Whew! It is hard to believe how fast this school year has flown! We are almost to the end of our year, and I am deep into planning our next school year. I would have to say that this was one of our best years yet. We got a lot accomplished! And it turned out that high school isn’t so bad after all. Smile

Here are some thoughts and comments on the past year and the curricula that we used:

I have worked hard this year at simplifying and organizing. I have a lot I want to do this summer, but I do have to say that it has made our year easier. I have declutter a lot of extra items and gotten much more organized with regular cleaning chores. My Well Planned Day planner bears testament to the fact that I am using it regularly as well.


We used some favorites this past year and then added some new ones into the mix. As my kids get older, I am learning more and more what works for them. That means that I hit the mark with the curriculum choices more often!


Boo had lessons with my mom, read her Bible, listened to teachings, and went to Bible study each week. We are working her into a more adult-style way of using her faith.

Buddy read from his Bible and worked on AWANA memory verses.


Boo used Applications of Grammar this year. I love this curriculum for her because it is thorough, but easy for me to use. She is my traditional-style schooler, so workbooks are a good fit for her. I put together a literature curriculum for her, and she made it through all of the books.
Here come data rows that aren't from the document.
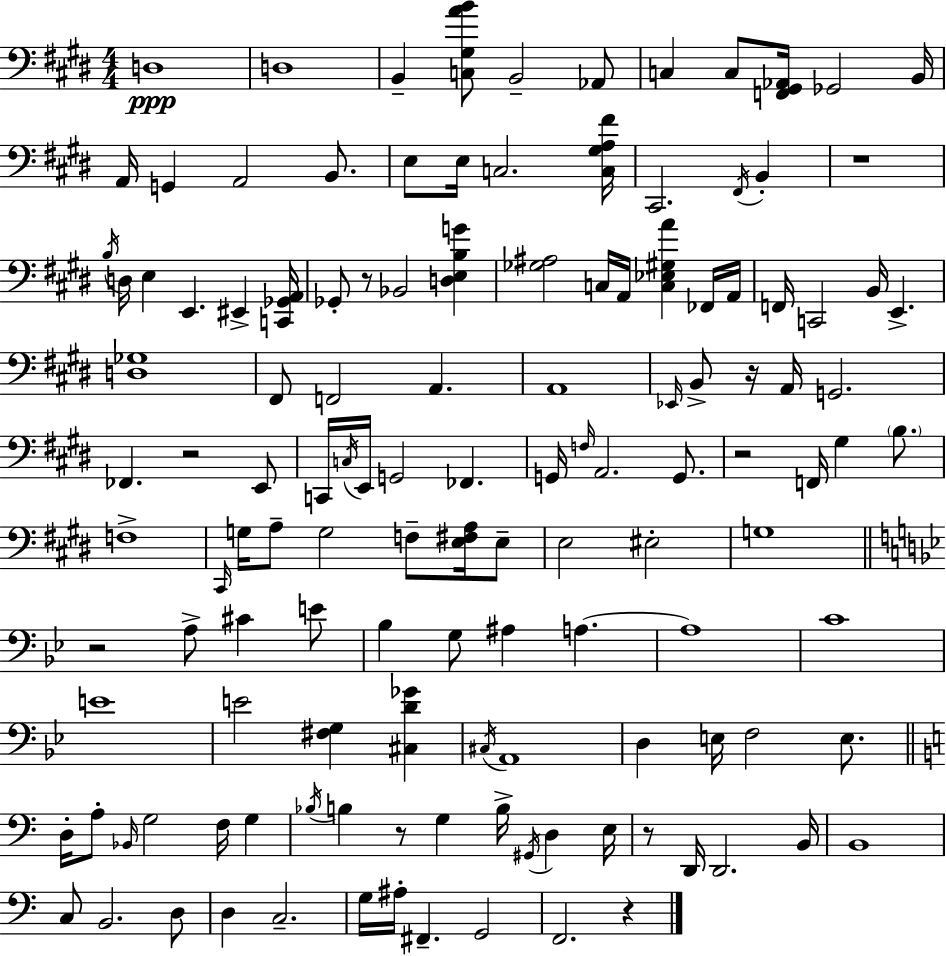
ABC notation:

X:1
T:Untitled
M:4/4
L:1/4
K:E
D,4 D,4 B,, [C,^G,AB]/2 B,,2 _A,,/2 C, C,/2 [F,,^G,,_A,,]/4 _G,,2 B,,/4 A,,/4 G,, A,,2 B,,/2 E,/2 E,/4 C,2 [C,^G,A,^F]/4 ^C,,2 ^F,,/4 B,, z4 B,/4 D,/4 E, E,, ^E,, [C,,_G,,A,,]/4 _G,,/2 z/2 _B,,2 [D,E,B,G] [_G,^A,]2 C,/4 A,,/4 [C,_E,^G,A] _F,,/4 A,,/4 F,,/4 C,,2 B,,/4 E,, [D,_G,]4 ^F,,/2 F,,2 A,, A,,4 _E,,/4 B,,/2 z/4 A,,/4 G,,2 _F,, z2 E,,/2 C,,/4 C,/4 E,,/4 G,,2 _F,, G,,/4 F,/4 A,,2 G,,/2 z2 F,,/4 ^G, B,/2 F,4 ^C,,/4 G,/4 A,/2 G,2 F,/2 [E,^F,A,]/4 E,/2 E,2 ^E,2 G,4 z2 A,/2 ^C E/2 _B, G,/2 ^A, A, A,4 C4 E4 E2 [^F,G,] [^C,D_G] ^C,/4 A,,4 D, E,/4 F,2 E,/2 D,/4 A,/2 _B,,/4 G,2 F,/4 G, _B,/4 B, z/2 G, B,/4 ^G,,/4 D, E,/4 z/2 D,,/4 D,,2 B,,/4 B,,4 C,/2 B,,2 D,/2 D, C,2 G,/4 ^A,/4 ^F,, G,,2 F,,2 z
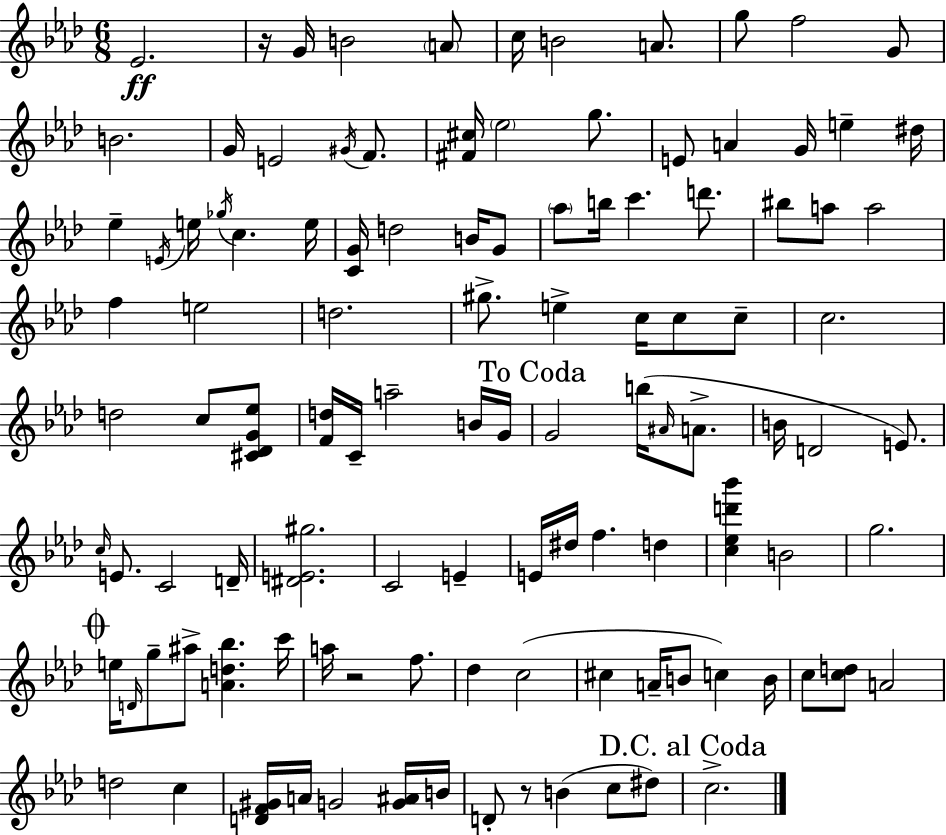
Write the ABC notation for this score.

X:1
T:Untitled
M:6/8
L:1/4
K:Fm
_E2 z/4 G/4 B2 A/2 c/4 B2 A/2 g/2 f2 G/2 B2 G/4 E2 ^G/4 F/2 [^F^c]/4 _e2 g/2 E/2 A G/4 e ^d/4 _e E/4 e/4 _g/4 c e/4 [CG]/4 d2 B/4 G/2 _a/2 b/4 c' d'/2 ^b/2 a/2 a2 f e2 d2 ^g/2 e c/4 c/2 c/2 c2 d2 c/2 [^C_DG_e]/2 [Fd]/4 C/4 a2 B/4 G/4 G2 b/4 ^A/4 A/2 B/4 D2 E/2 c/4 E/2 C2 D/4 [^DE^g]2 C2 E E/4 ^d/4 f d [c_ed'_b'] B2 g2 e/4 D/4 g/2 ^a/2 [Ad_b] c'/4 a/4 z2 f/2 _d c2 ^c A/4 B/2 c B/4 c/2 [cd]/2 A2 d2 c [DF^G]/4 A/4 G2 [G^A]/4 B/4 D/2 z/2 B c/2 ^d/2 c2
She doesn’t love reading, so that was quite a feat for us! I did allow her to listen to a couple of the books on mp3 from Librivox just to shake things up a bit and make it easier. And she also looked up and defined a number of vocabulary words.

Buddy used All About Reading and All About Spelling again this year. I can’t say enough about this series. His reading has improved dramatically since we started using them. It fits right in with his right-brained, artistic mindset. He also did choice independent reading, and I read aloud several books to him.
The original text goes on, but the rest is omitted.